– Não
tem um escritor americano que só queria levar para uma ilha deserta
um manual do perfeito construtor de barcos?
– Chesterton.
Não é americano, é inglês.
– Pois
é. Também eu tenho horror às ilhas. Estávamos num barco de pesca
em Cabo Frio. O senhor atlético, já meio grisalho, ao qual eu fora
apresentado pouco antes, continuou a falar:
– Não
dou para Robinson. Até sinto saudade do meu apartamentinho da Rua
49, bem no meio da confusão, morei lá oito anos. Estava só há um
mês em Nova York – trabalhando para uma firma, sou engenheiro –
quando me chamaram para topar uma pescaria no Maine. Fomos de trem,
num fim de semana, seis rapazes e seis moças. Convidei para ir
comigo uma garota que trabalhava no escritório, um amor de
alemãzinha, chamada Graziela. O nome é italiano mas era filha de
alemães. Fazia parte do grupo um rapaz, forte pra burro, que eu não
conhecia antes, um tal Aiken, que resolveu dar em cima da minha
pequena. Veja o meu azar.
Não
sei se por eu ser sul-americano, moreno assim, o sujeito de vez em
quando empurrava uma piadinha para o meu lado, a turma se esbaldava;
eu também ria, fazendo aquilo que eles chamam de fair-play. No
domingo, um dia maravilhoso, muito azul, estávamos pescando na
praia, quando resolvemos tomar duas lanchas de aluguel para ir até
umas ilhas que a gente avistava dali. Logo na primeira ilha, dei
sorte e peguei três peixes; mas os outros resolveram tentar a outra,
a um quilômetro, ficando de me apanhar depois. Graziela seguiu com a
turma. Ali pelas quatro horas, comecei a achar que eles estavam
demorando a voltar. Uma fome horrível. Mas você sabe como é esse
negócio de pescaria; se o peixe está dando, ninguém se lembra do
tempo. Não liguei muito. A ilha não tinha nada, era um pouco
parecida com a das Palmas. Aquilo mesmo, umas árvores magras e
pedra. O tempo foi passando, o sol esfriou, eu fui ficando
desconfiado. Quando anoiteceu, confesso que não gostei. Uma
ilhazinha de nada no mar, tudo escuro, num país estrangeiro; e umas
aves desagradáveis guinchando em cima de minha cabeça. O frio era
de rachar, e eu de calção e blusa. Ajuntei uns gravetos e acendi
uma fogueira, a duras penas; para aquecer-me e com a esperança de
que algum barco me visse.
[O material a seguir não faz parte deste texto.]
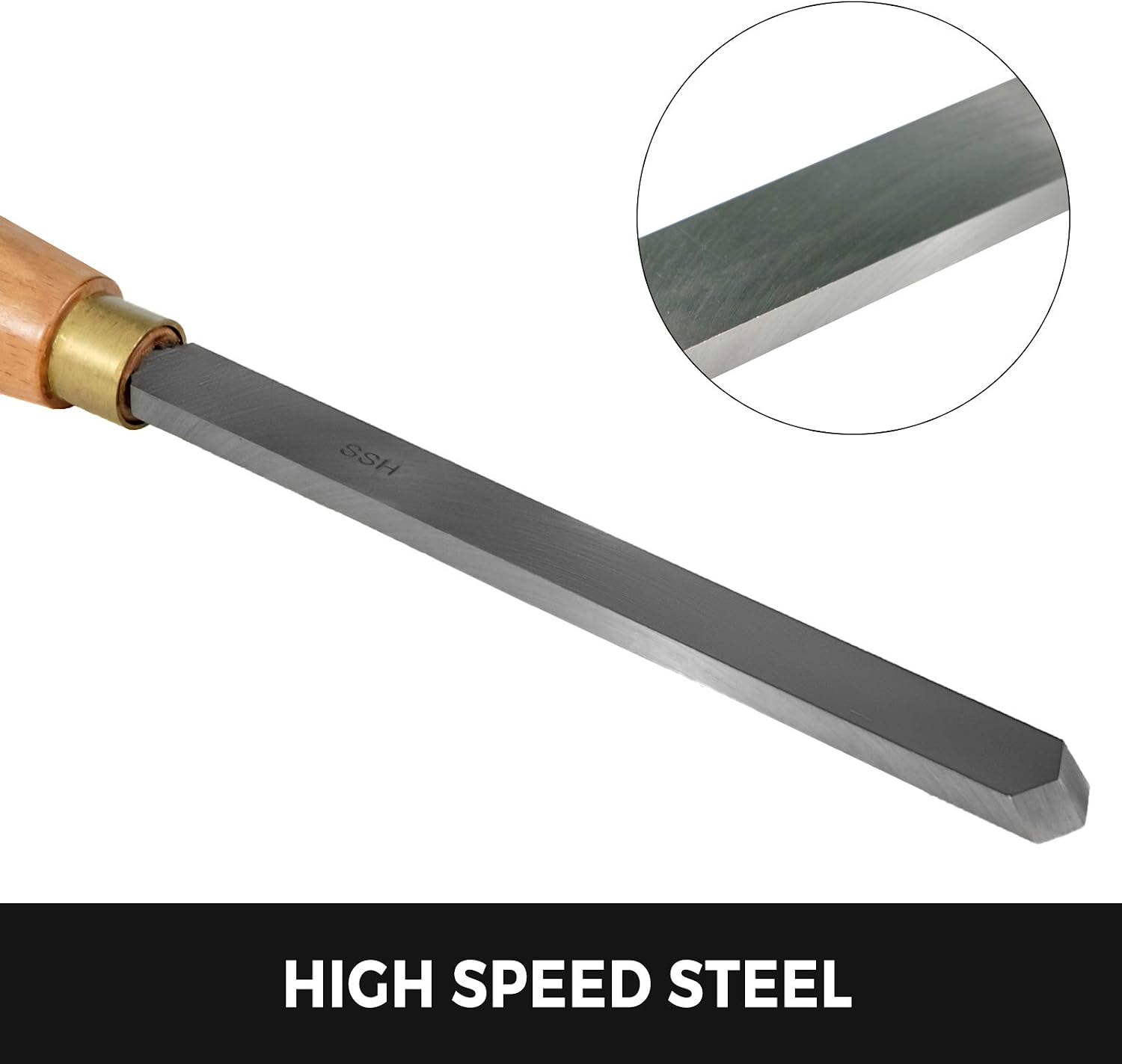 Woodworking Lathe Chisel Set 8 Pieces HSS Steel Blades Wood Turning Tools Wooden Case for Storage for Carving Root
O fogo não durou nada, madeira úmida.
Começou a bater um vento gelado, meu velho, de dar calafrio. Quando
achei que eles não voltariam mesmo me deu um ódio de morte.
Precisei de berrar todos os palavrões que sabia para me acalmar um
pouco. Sabe o que tinha acontecido? Quando as duas lanchas foram
buscar o pessoal na outra ilha, Aiken disse para o motorista da
segunda, e para Graziela que dera ordem para o primeiro barco ir me
buscar.
Em
terra, convenceu a turma de que eu, furioso por ter esperado tanto
tempo, havia tomado o trem sozinho. Mas só soube disso depois. De
qualquer forma, aquilo só podia ser coisa do tal Aiken. Já se
imaginou na minha situação?! Ser passado assim pra trás! Me deu
tanta raiva que chorei. Consegui arrancar uns galhos de uns arbustos
e me cobri mais ou menos com eles, disposto a esperar a madrugada.
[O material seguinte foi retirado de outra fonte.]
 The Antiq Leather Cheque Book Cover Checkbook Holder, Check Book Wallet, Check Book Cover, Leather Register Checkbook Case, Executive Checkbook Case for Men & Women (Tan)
Mas não aguentei. Ainda por cima, o cigarro acabou. E aqueles
pássaros piando e esvoaçando na copa das árvores me punham
nervoso. Sem que medisse bem as consequências do que ia fazendo,
caminhei até uma rocha, resolvido a sair dali de qualquer jeito.
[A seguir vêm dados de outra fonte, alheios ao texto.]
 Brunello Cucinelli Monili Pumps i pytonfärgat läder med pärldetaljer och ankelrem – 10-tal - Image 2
Queria ajustar contas com Aiken o mais depressa possível. Calculei
que da ilha à praia devia ser coisa de uns quatro quilômetros. Eu
via lá na costa uma luzinha acesa provavelmente do bar onde
trocáramos de roupa. Larguei na ilha o caniço e o molinete – uma
beleza de molinete –, caí n'água, e fui nadando na direção da
luz.
Nado
bem mas o mar estava bastante grosso e, pior de tudo, frio feito
gelo. Se me desse uma cãibra, adeus brasilzinho. Fui nadando. A luz
do bar me guiava. Às vezes, uma onda mal-intencionada me cobria; a
luz sumia. Depois a luz acabou sumindo mesmo. Cúmulo do azar: tinham
apagado a lâmpada. A cãibra queria chegar, eu boiava um pouco, não
tinha estrelas quase, só a Lua, Lua Nova. Mas, boiando, o meu
sentido de direção piorava. Outras vezes, achava que nadava para
dentro do mar, e não para a praia. Isso era pavoroso. Essa impressão
acabou tão forte, que decidi nadar na direção contrária. Uma
felicidade louca: exatamente quando ia virar, vi a luz de um carro
passando pela costa. Nadei como um cão. Não sei quanto tempo, umas
quatro horas. A costa era quase toda de rochedos, só em um pequeno
trecho era de seixos. Tive uma sorte tremenda, dei no lugar dos
seixos. Cheguei morto, tremendo e batendo queixo como uma caveira.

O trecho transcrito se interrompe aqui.